Interstate Realty Co. v. Woods, No. 12259.

CourtUnited States Courts of Appeals. United States Court of Appeals (5th Circuit)
Writing for the CourtSIBLEY and LEE, Circuit , and CHRISTENBERRY
Citation168 F.2d 701
Docket NumberNo. 12259.
Decision Date18 June 1948
PartiesINTERSTATE REALTY CO. v. WOODS.

168 F.2d 701 (1948)

INTERSTATE REALTY CO.
v.
WOODS.

No. 12259.

Circuit Court of Appeals, Fifth Circuit.

June 18, 1948.


Phil Stone and L. C. Andrews, both of Oxford, Miss., for appellant.

John W. Kyle and James McClure, both of Sardis, Miss., for appellee.

Before SIBLEY and LEE, Circuit Judges, and CHRISTENBERRY, District Judge.

LEE, Circuit Judge.

This suit was filed by the appellant, a Tennessee corporation, to recover from appellee, a resident of Mississippi, a broker's commission alleged to be due on the sale of certain of appellee's real estate in the State of Mississippi. Appellee in his answer denied the right of appellant to recover, setting up that appellant was a foreign corporation which, because it had never qualified to do business in the State of Mississippi as provided by Mississippi law,1 was not entitled to maintain any suit in any court in Mississippi. After filing his answer, the appellee called upon appellant to admit, pursuant to Federal Rules of Civil Procedure, Rule 36, 28 U.S. C.A. following section 723c, that it had not qualified to do business in Mississippi. In response, appellant denied that it was doing business in Mississippi, but admitted a number of transactions in that State over a specified period of years. Upon this admission, the court below, on motion for summary judgment, found that appellant was doing business in Mississippi and held that the contract in question was void. Judgment was thereupon entered dismissing the plaintiff's suit with prejudice. This appeal followed.

168 F.2d 702

The two questions involved are (1) Was appellant doing business in Mississippi within the purview of the statutes? And, (2) if so, was the contract with appellee which was entered into in Mississippi null and void because appellant at that time had not qualified to do business in Mississippi?

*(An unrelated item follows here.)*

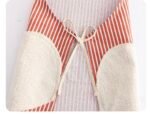 2PC◆This new cotton and linen kitchen apron is breathable, stylish, and perfect for summer wear. It's stain-resistant and durable, making it the ideal attire for food preparation. - Image 14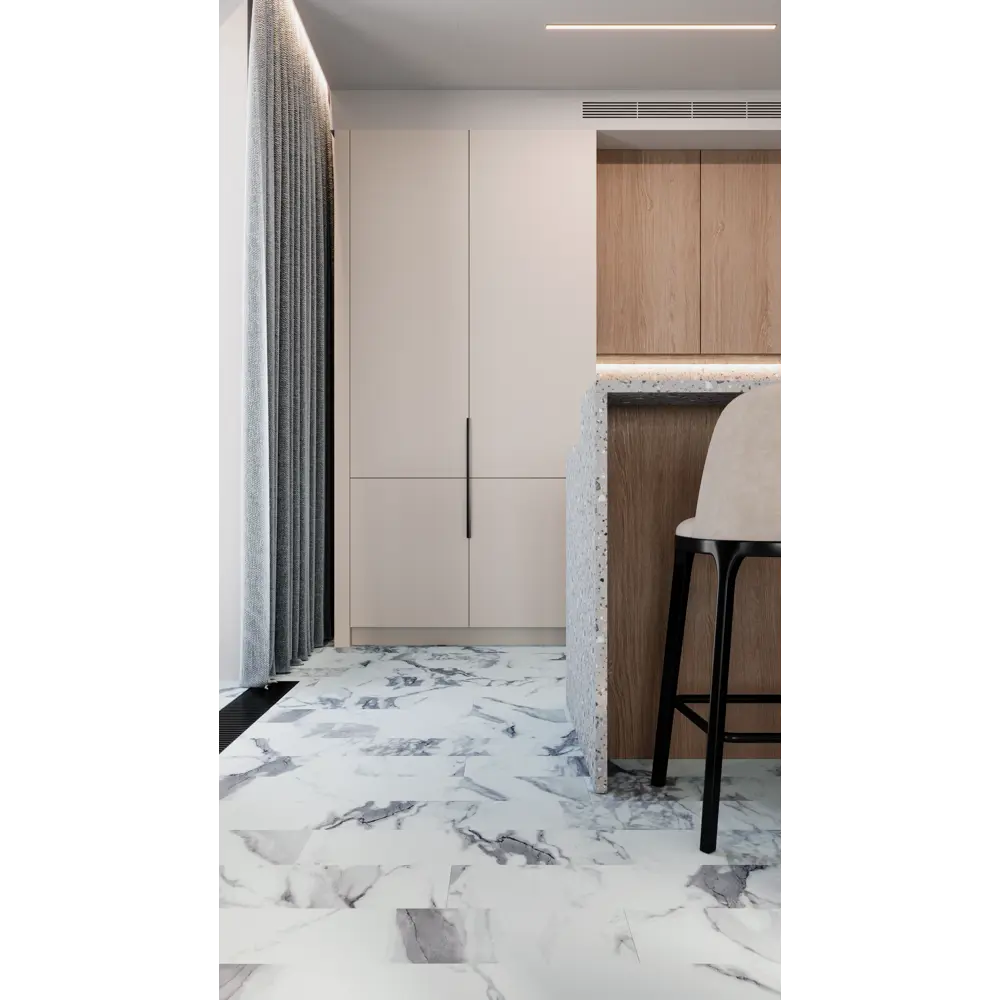 Ламинат Ultrastep Мрамор Аоста 33 класс толщина 8 мм 2.22 м² 89439114 STLM-2190432 KRONOSTEP  - Вид №5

The record shows that appellant is a corporation organized under the laws of the State of Tennessee, with its domicile in Memphis, Tenn., and that it had never qualified to do business in Mississippi. Through its agents, however, it had contracted to sell real estate in Mississippi and in connection with sales had sent its agents into Mississippi to meet prospective buyers and to show the properties to be sold. Appellant admitted that in 1942 it earned from 3 sales in Mississippi $2,121.45; in 1943, from 2 sales, $4,064.25; in 1944, from 3 sales, $12,000; in 1945, from 14 sales, $14,272.27; and in 1946, from 16 sales, $14,430.75. We think that in view of these admissions the court below was correct in holding that appellant was doing business in Mississippi within the meaning of the Mississippi statutes. Marx & Bensdorf, Inc. v. First Joint Stock Land Bank of New Orleans, 178 Miss. 345, 173 So. 297; Wiley Electric Co. v. Electric Storage Battery Co., 167 Miss. 842, 147 So. 773.

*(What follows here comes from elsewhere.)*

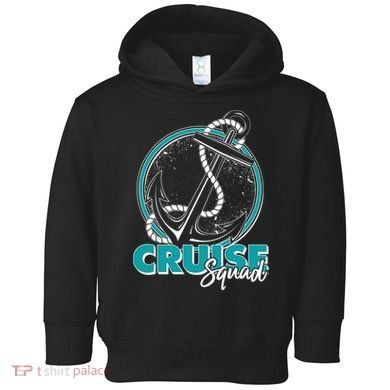 Cruise Squad Toddler Hoodie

The question remaining is whether or not appellant's failure to qualify to do business in Mississippi struck with nullity the contract sued upon in this case. The pertinent sections of the Mississippi law are set forth in the margin.2

The court below rested its decision upon Quartette Music Co. v. Haygood, 108 Miss. 755, 67 So. 211, 212, and held that under that case the contract here sued upon was null and void because at the time of contracting the appellant had not qualified to do business in the State of Mississippi. In so holding we think the court erred.

168 F.2d 703

In the Haygood case the plaintiff was a Texas corporation and brought suit in the Circuit Court of Lee County, Miss., against J. L. Haygood and G. W. Long on a promissory note signed by them in the sum of $225. The defendant moved to dismiss, setting forth that the plaintiff was a foreign corporation and had not qualified to do business in Mississippi and that the note sued upon was the consideration for business done by the corporation in Mississippi. Plaintiff demurred to the plea on the ground that the law referred to was unconstitutional and that the plea did not state sufficient grounds for a dismissal. The trial court overruled the demurrer and dismissed the plaintiff's suit, and the plaintiff appealed. The Supreme Court affirmed and, citing an earlier Mississippi case said:

"`Every contract made for, or about, any matter or thing which is prohibited and made unlawful by any statute, is a void contract, though the statute itself does not mention that it shall be so, but only inflicts a penalty on the defaulter, because a penalty implies a prohibition, though there are no prohibitory words in the statute.'

"There are some decisions in our books which apparently conflict with this rule, but they were all overruled by Woodson v. Hopkins, 85 Miss. 171, 37 So. 1000, 38 So. 298, 70 L.R.A. 645, 107 Am.St.Rep. 275."

The latest case called to our attention from the Mississippi Supreme Court on the subject is Newell Contracting Co. v. State Highway Commission, 195 Miss. 395, 15 So.2d 700, 702. There the court said: "We are of the opinion that the court below was correct in holding that the appellant was doing business in this state and that there had been no substantial compliance with the statutes here involved until September 16, 1933, and that hence the contract sued on is void and unenforcible. Quartette Music Co. v. Haygood, 108 Miss. 755, 67 So. 211; Peterman Construction & Supply Co. v. Blumenfeld, 156 Miss. 55, 125 So. 548; Wiley Electric Co. v. Electric Storage Battery Co., 167 Miss. 842, 147 So. 773; Marx & Bensdorf, Inc. v. First Joint Stock Land Bank of New Orleans, 178 Miss. 345, 173 So. 297; Case v. Mills Novelty Co., 187 Miss. 673, 193 So. 625, 126 A.L.R. 1102." (Emphasis ours.)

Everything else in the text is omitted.